Survey snapshot: How MIT searches for electronic journal articles

Posted October 15th, 2012 by Heather Denny

How do you search for e-journal articles? More than half the faculty, postdocs, and other research and academic staff told us that they use library databases to search for e-journal articles, and almost the same number of faculty told us that they use Vera, the library’s gateway to electronic subscriptions.

In the 2011 Library Survey, we asked the MIT community to choose up to three options from a list of starting points for finding e-journal articles on a topic. The four options selected most often are shown below.

Four Most Selected Options for Starting a Search for Electronic Journal Articles on a Topic

Note: These are not rankings. These are the options that garnered the most responses from each respondent type. Each percentage is the total percentage of respondents who chose each of these options as one of their three places to begin a search for electronic journal articles on a topic. No prioritization was implied in the selection of the three options.

Why would experienced researchers like faculty include Vera in their searching repertoire?

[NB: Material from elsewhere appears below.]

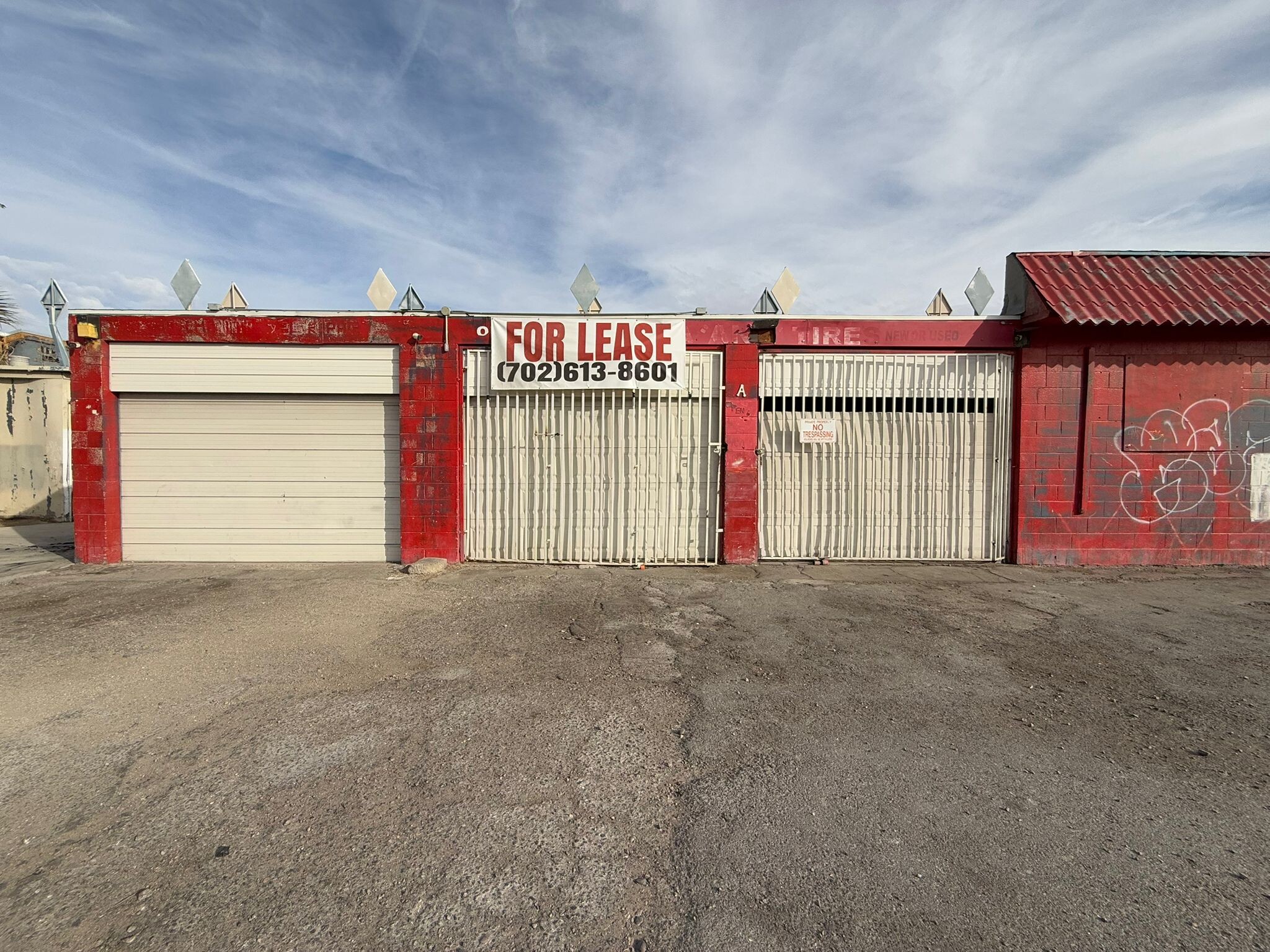 1961 E Charleston Blvd, Las Vegas, NV for lease Building Photo- Image 1 of 5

  • Library databases—all of which can be accessed through Vera—generally offer information that is more consistently relevant and reliable (and may also be peer-reviewed).
  • Google is quite fast with a single search box, is well embedded in many browsers, and can do a general search across all disciplines at the same time. Often, however, the information found in library databases is not, or cannot be, indexed in Google.
  • Library databases on a subject are likely more in-depth, although they may not be quite as fast to search, and a single database generally does not cover all academic disciplines.